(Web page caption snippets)
============

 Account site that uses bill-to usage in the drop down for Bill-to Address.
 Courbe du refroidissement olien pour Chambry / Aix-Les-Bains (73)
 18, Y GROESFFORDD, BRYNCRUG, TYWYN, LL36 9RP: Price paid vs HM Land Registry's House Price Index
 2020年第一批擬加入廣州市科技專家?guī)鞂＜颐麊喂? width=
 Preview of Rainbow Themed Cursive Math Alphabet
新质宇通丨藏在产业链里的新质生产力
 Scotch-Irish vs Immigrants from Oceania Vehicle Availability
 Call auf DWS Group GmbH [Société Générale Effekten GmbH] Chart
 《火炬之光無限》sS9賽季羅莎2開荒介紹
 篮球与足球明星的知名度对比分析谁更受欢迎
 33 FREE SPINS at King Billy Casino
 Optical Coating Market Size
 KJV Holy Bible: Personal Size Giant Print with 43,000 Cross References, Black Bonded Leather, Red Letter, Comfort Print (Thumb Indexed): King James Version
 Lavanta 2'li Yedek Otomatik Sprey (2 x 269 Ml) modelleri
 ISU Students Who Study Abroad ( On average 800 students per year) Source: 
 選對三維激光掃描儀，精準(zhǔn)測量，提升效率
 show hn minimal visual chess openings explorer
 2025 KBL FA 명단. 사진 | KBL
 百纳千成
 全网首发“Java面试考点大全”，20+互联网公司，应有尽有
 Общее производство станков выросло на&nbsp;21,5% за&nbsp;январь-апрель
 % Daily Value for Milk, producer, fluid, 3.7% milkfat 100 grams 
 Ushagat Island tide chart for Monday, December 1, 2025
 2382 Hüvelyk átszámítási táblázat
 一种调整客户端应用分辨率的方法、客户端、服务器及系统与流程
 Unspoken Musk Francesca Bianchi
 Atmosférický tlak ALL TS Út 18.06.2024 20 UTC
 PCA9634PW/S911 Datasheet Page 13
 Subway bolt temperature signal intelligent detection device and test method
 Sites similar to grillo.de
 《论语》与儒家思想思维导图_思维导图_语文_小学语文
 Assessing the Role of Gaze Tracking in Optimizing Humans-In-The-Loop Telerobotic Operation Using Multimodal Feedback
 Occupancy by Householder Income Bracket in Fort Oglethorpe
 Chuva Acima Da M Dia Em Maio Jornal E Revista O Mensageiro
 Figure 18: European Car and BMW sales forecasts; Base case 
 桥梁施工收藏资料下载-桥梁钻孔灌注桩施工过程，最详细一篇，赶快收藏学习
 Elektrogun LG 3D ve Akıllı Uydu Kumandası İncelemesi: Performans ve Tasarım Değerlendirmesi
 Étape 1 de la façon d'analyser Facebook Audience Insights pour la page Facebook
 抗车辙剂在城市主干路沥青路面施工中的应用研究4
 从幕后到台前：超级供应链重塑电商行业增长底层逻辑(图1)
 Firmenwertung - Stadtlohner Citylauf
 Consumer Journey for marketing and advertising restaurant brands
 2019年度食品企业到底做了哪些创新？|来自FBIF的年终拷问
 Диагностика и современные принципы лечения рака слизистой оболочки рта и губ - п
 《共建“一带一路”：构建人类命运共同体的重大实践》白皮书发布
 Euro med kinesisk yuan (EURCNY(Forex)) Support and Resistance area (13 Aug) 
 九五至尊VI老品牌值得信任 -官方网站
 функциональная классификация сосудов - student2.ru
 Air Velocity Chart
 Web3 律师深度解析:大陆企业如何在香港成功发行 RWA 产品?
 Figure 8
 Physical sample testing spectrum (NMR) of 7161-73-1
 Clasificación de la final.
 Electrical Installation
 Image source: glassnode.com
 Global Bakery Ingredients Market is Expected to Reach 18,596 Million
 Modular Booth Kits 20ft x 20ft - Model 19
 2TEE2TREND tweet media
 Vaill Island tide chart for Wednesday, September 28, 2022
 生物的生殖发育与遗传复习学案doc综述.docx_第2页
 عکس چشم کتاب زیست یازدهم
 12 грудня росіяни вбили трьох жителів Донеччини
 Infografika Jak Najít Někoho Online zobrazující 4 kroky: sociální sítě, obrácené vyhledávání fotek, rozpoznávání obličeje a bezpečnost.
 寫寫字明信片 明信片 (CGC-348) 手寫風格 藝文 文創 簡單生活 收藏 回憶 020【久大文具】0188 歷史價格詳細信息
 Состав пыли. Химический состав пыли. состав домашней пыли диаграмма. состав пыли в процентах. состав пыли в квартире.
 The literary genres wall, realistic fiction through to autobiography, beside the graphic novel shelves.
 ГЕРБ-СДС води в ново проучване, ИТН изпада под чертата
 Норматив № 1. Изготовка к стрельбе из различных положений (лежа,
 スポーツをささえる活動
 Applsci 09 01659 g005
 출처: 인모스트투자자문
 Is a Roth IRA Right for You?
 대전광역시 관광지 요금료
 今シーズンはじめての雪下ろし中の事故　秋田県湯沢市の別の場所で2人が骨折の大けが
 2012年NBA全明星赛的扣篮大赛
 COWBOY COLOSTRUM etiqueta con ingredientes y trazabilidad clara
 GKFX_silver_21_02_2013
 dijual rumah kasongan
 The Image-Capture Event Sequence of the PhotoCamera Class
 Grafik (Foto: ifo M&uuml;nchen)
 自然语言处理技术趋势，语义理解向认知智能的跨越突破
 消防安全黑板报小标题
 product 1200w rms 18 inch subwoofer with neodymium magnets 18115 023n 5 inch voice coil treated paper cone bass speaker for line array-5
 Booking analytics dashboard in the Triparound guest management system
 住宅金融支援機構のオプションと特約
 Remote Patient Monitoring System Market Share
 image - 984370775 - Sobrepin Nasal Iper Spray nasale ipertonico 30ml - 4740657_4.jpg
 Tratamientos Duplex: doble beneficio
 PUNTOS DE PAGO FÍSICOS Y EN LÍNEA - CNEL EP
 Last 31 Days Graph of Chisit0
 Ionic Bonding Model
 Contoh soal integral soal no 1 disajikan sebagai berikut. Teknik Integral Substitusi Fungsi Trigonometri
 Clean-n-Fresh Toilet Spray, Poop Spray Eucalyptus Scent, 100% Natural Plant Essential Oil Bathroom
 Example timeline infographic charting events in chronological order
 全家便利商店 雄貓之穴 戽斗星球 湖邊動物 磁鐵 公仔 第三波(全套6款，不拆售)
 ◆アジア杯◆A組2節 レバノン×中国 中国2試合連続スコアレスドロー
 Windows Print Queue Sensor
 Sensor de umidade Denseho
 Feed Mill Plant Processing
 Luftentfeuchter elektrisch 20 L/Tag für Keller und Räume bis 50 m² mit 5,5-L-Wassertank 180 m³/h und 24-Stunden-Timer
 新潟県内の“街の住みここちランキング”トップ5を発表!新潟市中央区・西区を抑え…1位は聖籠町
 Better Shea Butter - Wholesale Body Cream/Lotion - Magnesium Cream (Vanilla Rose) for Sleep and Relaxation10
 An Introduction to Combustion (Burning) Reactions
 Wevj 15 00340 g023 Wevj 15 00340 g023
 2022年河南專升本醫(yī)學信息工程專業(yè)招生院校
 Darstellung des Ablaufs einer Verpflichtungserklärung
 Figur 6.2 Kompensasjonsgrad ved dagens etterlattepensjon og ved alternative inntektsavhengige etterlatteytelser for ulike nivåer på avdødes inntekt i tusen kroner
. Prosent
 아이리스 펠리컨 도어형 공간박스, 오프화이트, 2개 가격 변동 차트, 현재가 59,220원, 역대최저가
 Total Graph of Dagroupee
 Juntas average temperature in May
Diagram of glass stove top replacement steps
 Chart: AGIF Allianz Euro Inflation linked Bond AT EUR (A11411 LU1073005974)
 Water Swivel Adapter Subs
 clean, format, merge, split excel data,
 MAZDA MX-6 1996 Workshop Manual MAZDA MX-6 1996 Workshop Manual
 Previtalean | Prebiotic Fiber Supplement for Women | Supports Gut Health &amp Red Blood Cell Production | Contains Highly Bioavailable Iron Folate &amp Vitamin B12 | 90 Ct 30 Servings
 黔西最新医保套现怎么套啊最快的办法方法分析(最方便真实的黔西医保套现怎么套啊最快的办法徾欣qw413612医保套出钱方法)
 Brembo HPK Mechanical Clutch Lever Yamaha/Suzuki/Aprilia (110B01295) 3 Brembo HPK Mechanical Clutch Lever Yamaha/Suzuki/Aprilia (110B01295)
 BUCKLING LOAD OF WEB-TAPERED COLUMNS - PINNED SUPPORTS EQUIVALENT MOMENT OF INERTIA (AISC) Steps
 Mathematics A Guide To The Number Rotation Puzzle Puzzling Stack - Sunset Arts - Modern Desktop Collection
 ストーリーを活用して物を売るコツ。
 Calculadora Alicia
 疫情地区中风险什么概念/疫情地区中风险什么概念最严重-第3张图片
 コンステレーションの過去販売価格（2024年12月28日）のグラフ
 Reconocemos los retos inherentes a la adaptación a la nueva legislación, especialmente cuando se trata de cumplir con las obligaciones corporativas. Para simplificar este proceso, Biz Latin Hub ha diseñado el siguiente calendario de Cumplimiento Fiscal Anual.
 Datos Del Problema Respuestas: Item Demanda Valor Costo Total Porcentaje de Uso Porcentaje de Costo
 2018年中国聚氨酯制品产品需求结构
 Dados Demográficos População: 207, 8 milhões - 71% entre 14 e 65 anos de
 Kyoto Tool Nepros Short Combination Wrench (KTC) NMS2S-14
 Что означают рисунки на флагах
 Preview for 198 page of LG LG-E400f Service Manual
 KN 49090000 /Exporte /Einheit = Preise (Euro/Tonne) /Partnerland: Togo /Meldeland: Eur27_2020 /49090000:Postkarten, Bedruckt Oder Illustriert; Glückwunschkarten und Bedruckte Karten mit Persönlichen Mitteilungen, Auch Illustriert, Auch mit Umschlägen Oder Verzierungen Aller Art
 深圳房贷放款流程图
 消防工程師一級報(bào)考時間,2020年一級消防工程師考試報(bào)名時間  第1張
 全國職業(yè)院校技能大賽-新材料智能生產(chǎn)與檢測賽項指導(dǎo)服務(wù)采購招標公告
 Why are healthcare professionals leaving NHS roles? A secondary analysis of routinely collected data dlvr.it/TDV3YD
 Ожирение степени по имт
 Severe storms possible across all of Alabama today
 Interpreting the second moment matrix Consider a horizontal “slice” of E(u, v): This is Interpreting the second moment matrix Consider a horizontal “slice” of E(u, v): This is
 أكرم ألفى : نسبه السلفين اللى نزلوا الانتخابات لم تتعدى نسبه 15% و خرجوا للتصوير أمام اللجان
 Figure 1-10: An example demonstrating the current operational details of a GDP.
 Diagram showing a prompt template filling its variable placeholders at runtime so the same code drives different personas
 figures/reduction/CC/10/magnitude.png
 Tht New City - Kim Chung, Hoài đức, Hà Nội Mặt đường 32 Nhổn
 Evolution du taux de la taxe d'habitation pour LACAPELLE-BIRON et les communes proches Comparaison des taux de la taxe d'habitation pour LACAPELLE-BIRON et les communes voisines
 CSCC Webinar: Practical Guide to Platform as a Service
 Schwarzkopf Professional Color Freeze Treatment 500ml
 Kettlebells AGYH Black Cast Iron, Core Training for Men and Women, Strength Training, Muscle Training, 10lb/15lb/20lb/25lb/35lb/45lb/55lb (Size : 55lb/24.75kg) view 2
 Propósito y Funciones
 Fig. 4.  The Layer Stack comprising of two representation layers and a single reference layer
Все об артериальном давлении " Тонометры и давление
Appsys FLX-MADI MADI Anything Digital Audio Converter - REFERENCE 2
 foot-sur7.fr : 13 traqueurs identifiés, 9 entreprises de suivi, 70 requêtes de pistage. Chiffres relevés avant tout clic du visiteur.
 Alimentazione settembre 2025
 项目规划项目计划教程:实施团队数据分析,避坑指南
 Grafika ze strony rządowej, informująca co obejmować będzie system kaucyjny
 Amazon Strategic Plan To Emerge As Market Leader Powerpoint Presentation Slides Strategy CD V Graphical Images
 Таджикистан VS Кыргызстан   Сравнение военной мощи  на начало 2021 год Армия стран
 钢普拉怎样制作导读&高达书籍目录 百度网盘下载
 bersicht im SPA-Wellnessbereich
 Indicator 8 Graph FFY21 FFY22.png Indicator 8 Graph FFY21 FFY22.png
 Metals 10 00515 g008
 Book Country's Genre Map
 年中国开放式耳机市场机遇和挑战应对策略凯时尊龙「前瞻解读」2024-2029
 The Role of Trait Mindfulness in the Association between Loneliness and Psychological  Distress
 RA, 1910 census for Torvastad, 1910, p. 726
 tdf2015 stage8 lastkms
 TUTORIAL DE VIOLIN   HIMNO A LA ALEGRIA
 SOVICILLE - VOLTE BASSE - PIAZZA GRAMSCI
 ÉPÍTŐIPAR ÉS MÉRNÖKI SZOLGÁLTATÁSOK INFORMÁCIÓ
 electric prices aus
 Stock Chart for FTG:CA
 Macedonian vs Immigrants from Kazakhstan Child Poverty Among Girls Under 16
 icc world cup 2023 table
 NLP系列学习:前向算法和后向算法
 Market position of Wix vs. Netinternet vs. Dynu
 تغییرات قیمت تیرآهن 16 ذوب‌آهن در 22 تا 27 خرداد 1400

============

▶ _YOUR TASK_:
Every line above from the line with "2382 Hüvelyk átszámítási táblázat" to the line with "Chuva Acima Da" is wanted, ends included; write them out exactly and add no other line.

▶ _SOLUTION FOR THIS PROBLEM_:
 2382 Hüvelyk átszámítási táblázat
 一种调整客户端应用分辨率的方法、客户端、服务器及系统与流程
 Unspoken Musk Francesca Bianchi
 Atmosférický tlak ALL TS Út 18.06.2024 20 UTC
 PCA9634PW/S911 Datasheet Page 13
 Subway bolt temperature signal intelligent detection device and test method
 Sites similar to grillo.de
 《论语》与儒家思想思维导图_思维导图_语文_小学语文
 Assessing the Role of Gaze Tracking in Optimizing Humans-In-The-Loop Telerobotic Operation Using Multimodal Feedback
 Occupancy by Householder Income Bracket in Fort Oglethorpe
 Chuva Acima Da M Dia Em Maio Jornal E Revista O Mensageiro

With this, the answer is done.